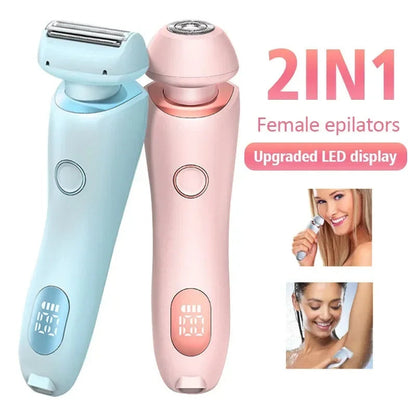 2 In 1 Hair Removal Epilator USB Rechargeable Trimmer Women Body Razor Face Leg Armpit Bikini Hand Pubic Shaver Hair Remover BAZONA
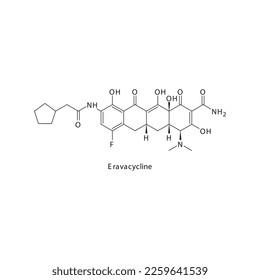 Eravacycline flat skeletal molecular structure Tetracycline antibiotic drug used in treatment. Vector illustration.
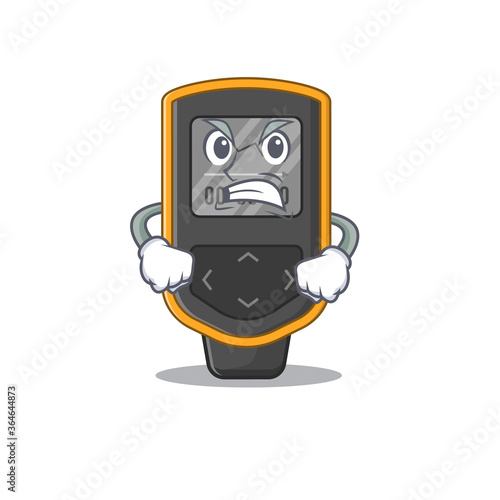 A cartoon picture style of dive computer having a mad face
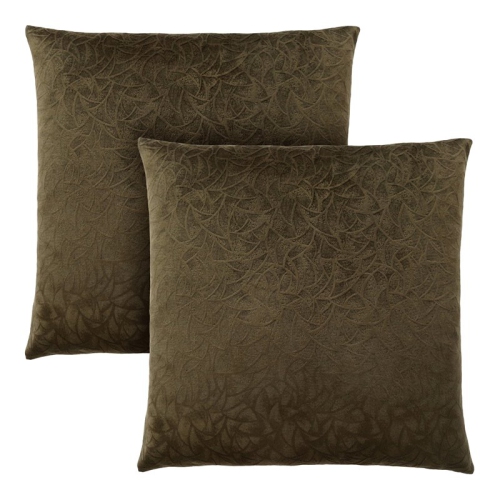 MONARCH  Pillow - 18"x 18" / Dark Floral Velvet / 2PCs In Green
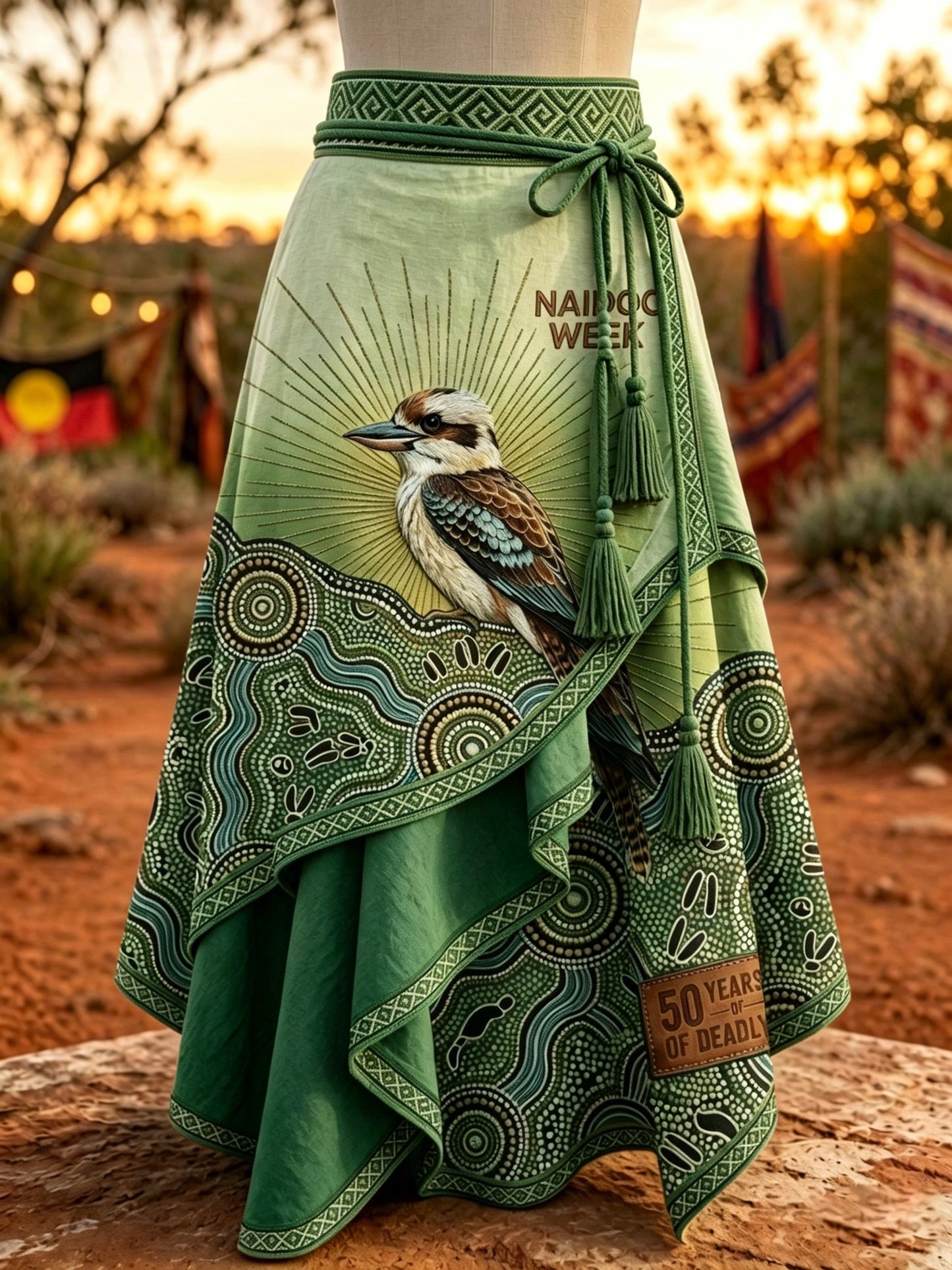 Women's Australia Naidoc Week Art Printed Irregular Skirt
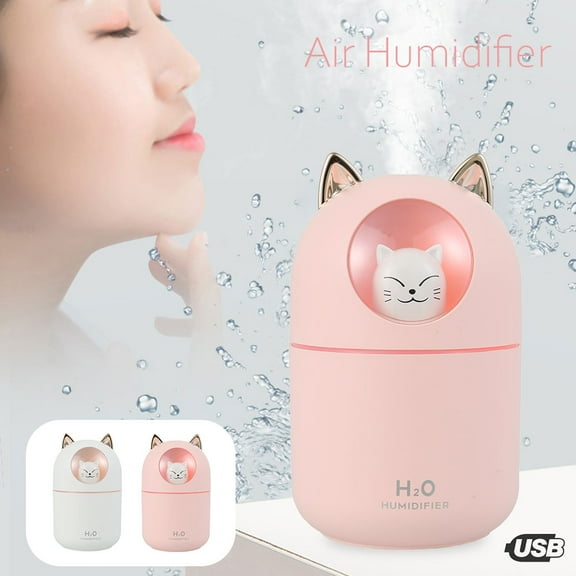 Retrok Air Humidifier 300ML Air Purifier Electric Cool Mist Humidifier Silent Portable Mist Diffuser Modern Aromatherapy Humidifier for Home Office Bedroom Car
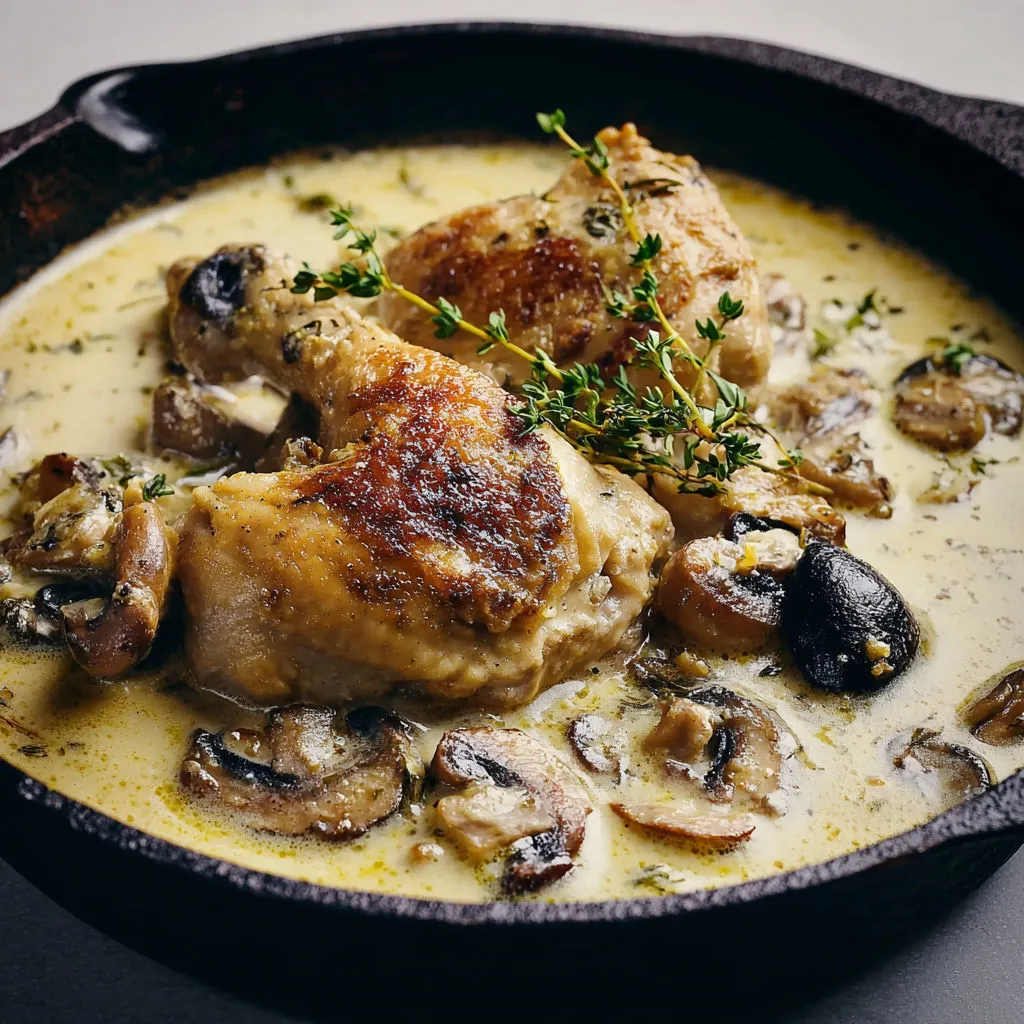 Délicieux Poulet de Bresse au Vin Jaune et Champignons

YOUR TASK: A faithful, complete copy of the records above is required, one that contains no pictures.

EXERCISE RESPONSE:
 2 In 1 Hair Removal Epilator USB Rechargeable Trimmer Women Body Razor Face Leg Armpit Bikini Hand Pubic Shaver Hair Remover BAZONA
 Eravacycline flat skeletal molecular structure Tetracycline antibiotic drug used in treatment. Vector illustration.
 A cartoon picture style of dive computer having a mad face
 MONARCH  Pillow - 18"x 18" / Dark Floral Velvet / 2PCs In Green
 Women's Australia Naidoc Week Art Printed Irregular Skirt
 Retrok Air Humidifier 300ML Air Purifier Electric Cool Mist Humidifier Silent Portable Mist Diffuser Modern Aromatherapy Humidifier for Home Office Bedroom Car
 Délicieux Poulet de Bresse au Vin Jaune et Champignons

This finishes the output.